Note to self: attach self to chair with ball of string and maintain hold in order to find your way back to sanity during another such an experience.

If it had been possible to build the Tower of Babel without climbing it, it would have been permitted.
Franz Kafka

Wednesday, 18 July 2007

Hole up date

I woke up this morning and someone had scratched the surface of the pavement outside my house with some fierce thing. I go to work and when I return there is a hole. In this hole is an empty Waitrose chicken salad and mayonnaise sandwich carton and an empty bottle of Zero coke.
The larger hole/trench in the meadow is getting bigger and being lined with huge blocks of concrete. I feel the urge to ring someone and berate if only to make myself feel better.

Tuesday, 17 July 2007

Phantom Hole Digging in gardens, pavements, meadows and Adrian Mitchell

There have always been episodes of phantom hole digging around here. Soon after I moved into this house I planted some rather nice bushes in my front garden. I awoke in the morning to find large holes where afore mentioned bushes had been. Actually that is not true I wandered around for quite a while in the living room staring out of the window until I suddenly realised what was different about the garden. It took some time for the absence of bushes to register; the presence of absence is always trickier maybe than the presence of presence. However, surely a hole is as positively present as the absence of a bush? ( Yes I know, dear reader this paragraph could be given the 'Carry on Up the Fens ', Kenneth Williams/Sid James dirty laugh double entendre treatment but just get a grip ).

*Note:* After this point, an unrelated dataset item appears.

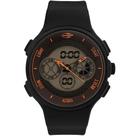 Relógio MORMAII Action masculino anadigi preto MO160829AE/8L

I tried to explain this when I reported the theft at the police station. He pulled a slight face when I gave my address, council housing or should I now call it social housing I could see him thinking. In paranoid mode, I expected some sort of comment about what did I expect planting nice bushes in my front garden in that locality. However, he shuffled his papers “You’re the sixth person this week reporting missing bushes, one person’s even had two trees go missing. It’s probably someone doing a landscaping job and needs a few bushes, they usually go round sussing out all the local gardens and then they just steal what they need to complete a job. It won’t be neighbours, you might notice if they had your bushes in their garden.” I pointed out that my neighbours were lovely and not that stupid. Some classy newly be-decked and planted garden was never raided and my skimmia was never located.

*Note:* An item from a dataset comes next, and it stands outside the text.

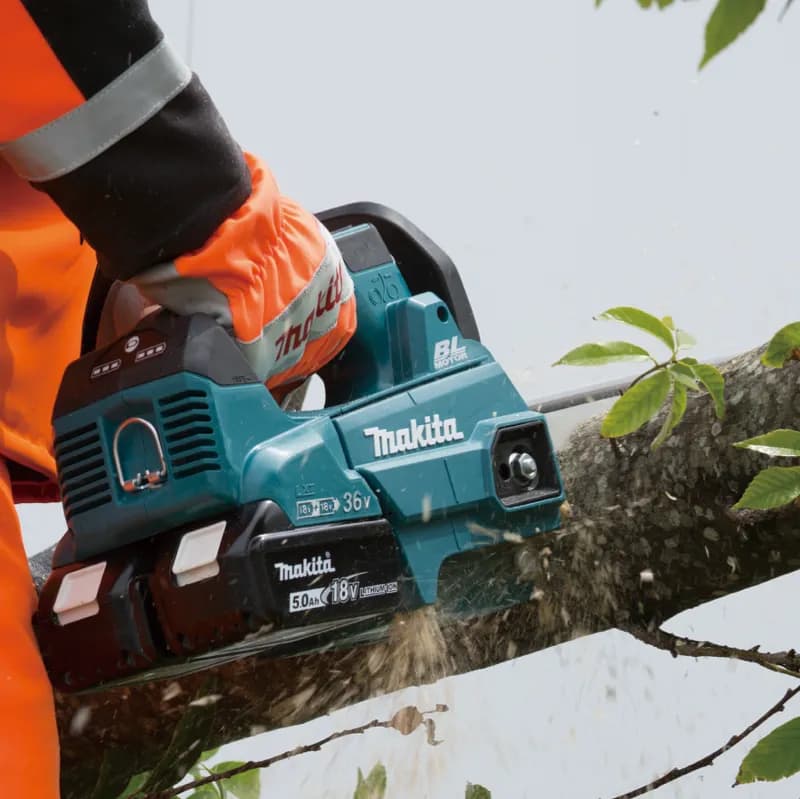 Makita DUC256Z Akülü Zincirli Testere 2X18V thumbnail 2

Now holes are appearing all round the neighbourhood in pavements and roads courtesy of the gas board, we have had letters about it. There will be holes it said and yes there are holes but they seem to appear in the middle of the night and I haven’t as yet spotted anyone appearing to dig them, look down them or generally manage them. Small white hurdles appear round them to stop the local pensioners and small children diving in head first but other than that nothing. There is a positive frenzy of hole digging and then nothing is happening around said holes. I have a sprayed yellow square and a yellow arrow on the pavement outside my house, I have the hurdles in place to guard the sprayed pavement as if the pavement was a hole in waiting , which it is of course but as yet no hole. They have been creeping up the street at the rate of two holes per night. I do not sleep well, surely I would have heard digging? By my calculations my hole should be dug tonight; like waiting up for Santa or the tooth fairy I feel I need to catch the hole digger doing what they do.

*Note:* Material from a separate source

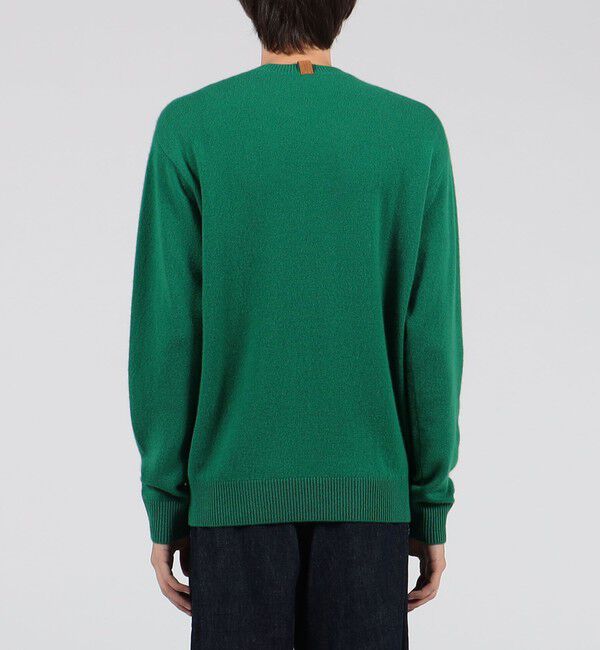 TOMORROWLAND MENS「TOMORROWLAND tricot  カシミヤ クルーネックプルオーバー」|ニット・セーター|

Then to top it all as I drove on the ring road round my small fen town early this morning I passed over the local flood meadow not a hole but a huge meandering Somme like trench has appeared in the meadow overnight leading from the river bank. It was not there twenty-four hours ago when I drove past and now the whole meadow is scarred and gouged. I ask someone who lives near the flood meadow what this trench might be for, extra drainage I am told. This is an ancient meadow, it has been a flood plain for the town for centuries, is the extra rainfall we are having now just too much for the flood plain to do it’s job? It transpires that they need the extra drainage because of the houses they have built further up on the flood plain. So the meadow could do it’s job perfectly well as it has done more or less since before medieval times except now someone had the bright idea of building on part of the flood plain.

How clever, how forward thinking, how socially conscious of them to provide housing for those who are desperate to get a foot on the housing ladder. No, these are top of the range, four by fours in the garage, private moorings for boat on river, jobbies. I think I am having a ‘Swampy ’moment, except it’s hard to chain yourself to a meadow and I don’t do camping in bad weather. I’m not exactly eco-warrior material, I don’t think tunnelling under the flood meadow would be my cup of tea, especially as the water table is high and it’s bound to make for a soggy sleeping-bag. Besides it’s digging up the meadow I am concerned about. Adrian Mitchell is an old poet warrior who has made his voice known about many environmental issues. This poem although about life, also says something about my meadow too. I have walked across it in all seasons and all weathers, dodging cow pats, examining flowers I have no name for and causing huge swathes of Canada geese to rise up with such a churn of wings I thought the air would never stop vibrating. Now I won’t be able to walk across its full extent unless I take up Fierljeppen ,a sport practised by some who have an affinity for tall poles and muddy water.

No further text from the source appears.